The power of religion is rarely discussed openly, save for gossipy comments of the wealth of the Vatican. Or the wealth of the British throne which is head of the Church of England. Or looking at pictures of Presidents and Prime Ministers with Rabbis.
Clearly there is a power there, so any insight into how they think would be useful. What follows is an excerpt of a review of just what life and death meant in the Bible times.
The reviewer inevitably compares modern materialistic man, with his/her sense of individuality and consumer ethic, to those that lived 1,000’s of years ago.
We can assume the devout today are reenacting the lifestyle of the ancients, and indeed enjoying the sense of community, lineage and territoriality that the Biblical people lived.

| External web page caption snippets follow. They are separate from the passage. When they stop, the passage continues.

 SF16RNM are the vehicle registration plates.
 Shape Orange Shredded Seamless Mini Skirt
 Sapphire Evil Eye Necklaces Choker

Being a modern man rather disenfranchised it all sounds very romantic to me. This extract suggests the ease there is in sending people off to war, when their lives are meaningless (dead). The only criticism I could offer is: if enslavement is death, why are we so involved in enslaving others. And it would appear that Muslims also value community, lineage and a sense of territory (not being exiled).

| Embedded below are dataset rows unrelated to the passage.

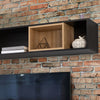 High Rock Wall Shelf in Matt Black/Riviera Oak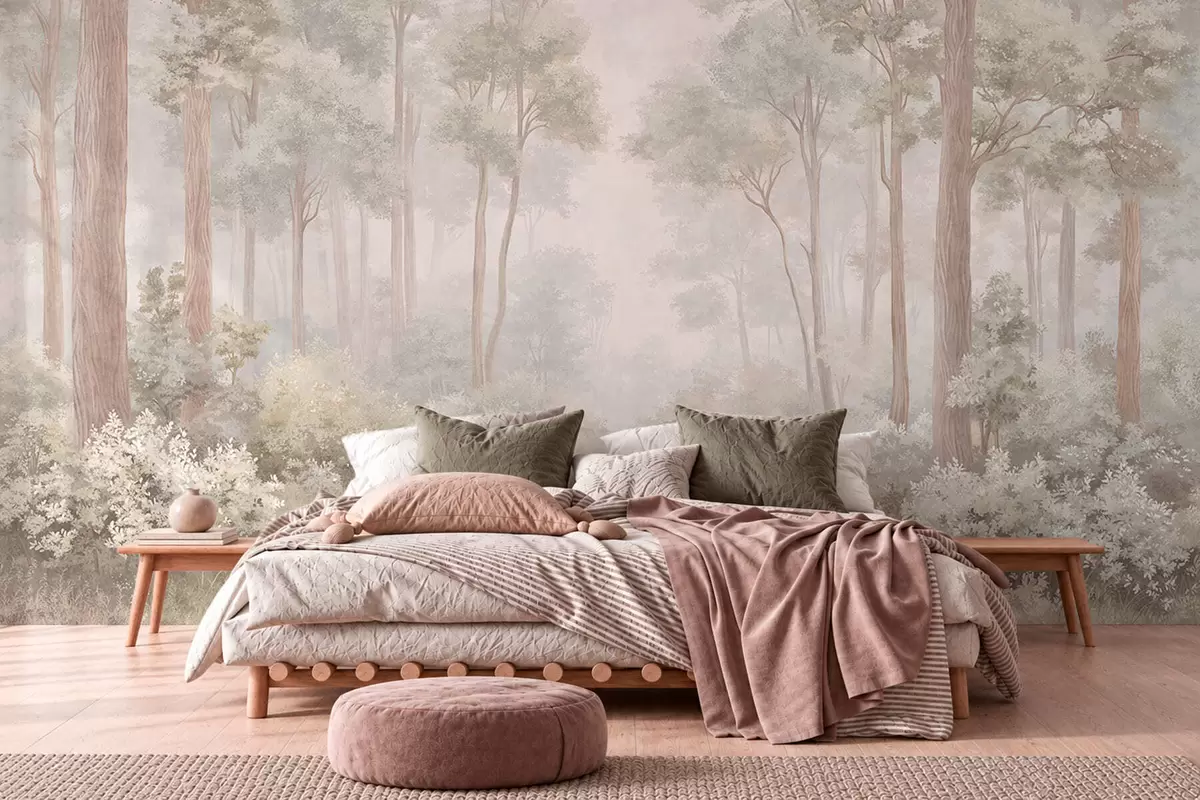 wall murals Soft pastel forest with a winding path w05889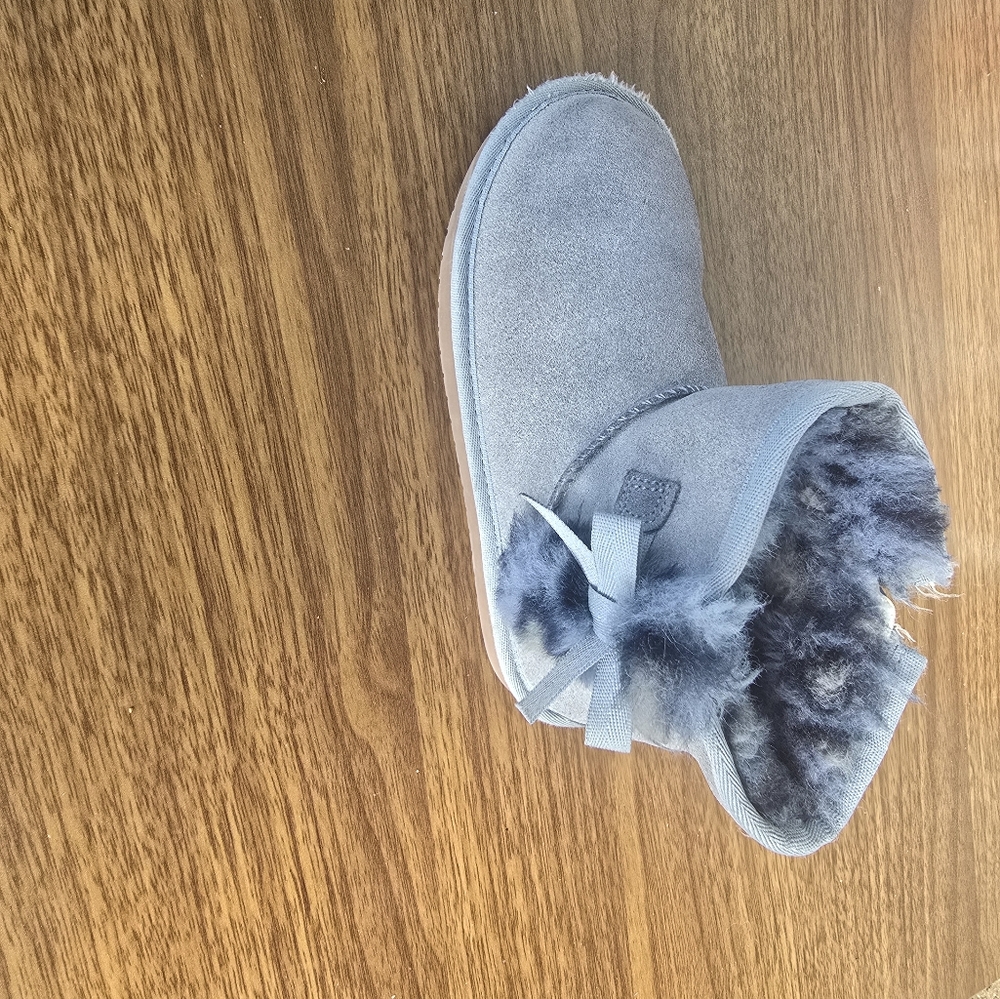 Cozy Gray /BLUE Kids Boots - Picture 6 of 9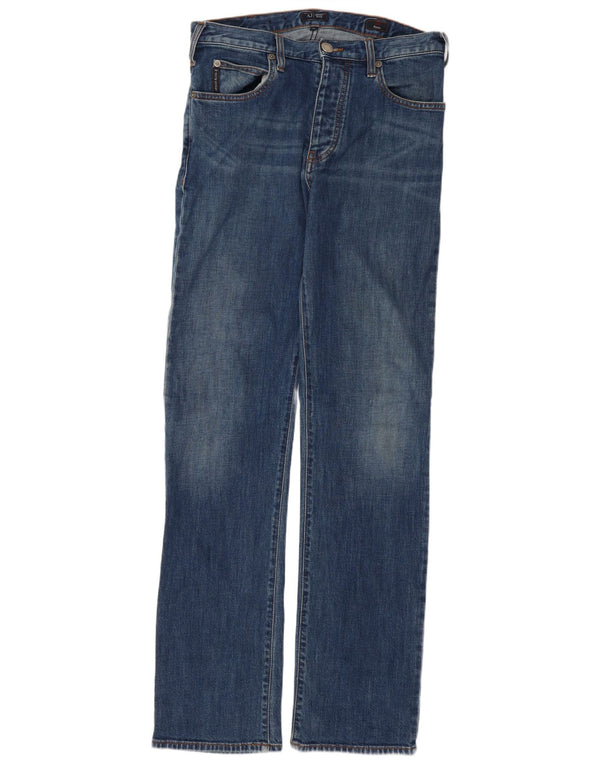 Armani Mens Straight Jeans W30 L32 Blue Cotton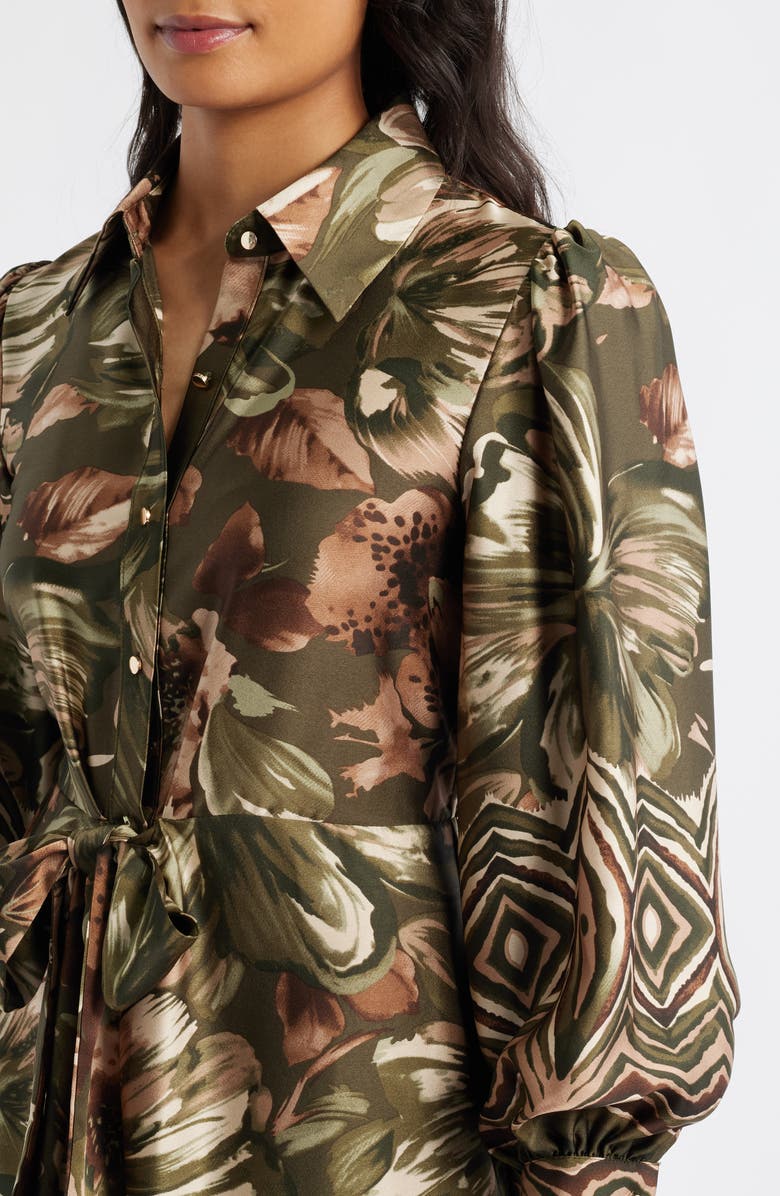 Julia Jordan Print Long Sleeve Shirtdress, Alternate, color, Green Multi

When I look at the NeoCons, and I know they think God has spoken to them. They are in fact a bunch of Oil people divorced from spiritual religion. And yes they are partnered with some Zionist forces, it makes one wonder if religion wouldn’t make a better job of it all. But then you look at Israel which is governed by Jewish law, where is the humanity? Now it is US election time, and at all times there are discussions about which candidates priest said what, reinforcing the importance of religion.
Anyway if we could judge todays politics with biblical values, it would be difficult!
The other form of biblical death is childlessness (I don’t have any, I would love to have, albeit with mixed fears in todays world, and with my situation, but that is another post) which makes me think of Edward Heath, he was a British Prime Minister some decades ago, and he was a bachelor, that could never never happen today.
And no I am not gay, and I have no reason to think this PM was.
The only sign of religion I see around me is a concern for image and ritual.
BOOK REVIEW: Life and death in the Bible
The power of God for Christians and Jews by Kevin J Madigan and Jon D Levenson . Reviewed by Spengler
Life and death to the ancient Hebrews were a moral conditions more than medical one, the authors explain. Enslavement and looming cultural extinction were felt as the grave, as was childlessness. National redemption and the covenantal promise of continuity of Abraham’s line were a restoration of life, a resurrection in the earliest stirring of Hebrew religious sensibility. The modern materialist view of life and death, the authors remind us, has little in common with the way in which ancient readers of the Bible understood existence.
One might go farther, and assert that the Biblical understanding of life and death still prevails today among most of the world’s six billion souls. The materialism of modern political science sadly misjudges the demands of the human heart. Nations are willing to fight to the death because their national life already has become a living death, in just the way the Bible saw it. In their hearts they already have gone down to Sheol, and the world holds no greater terror for them than what they live each day.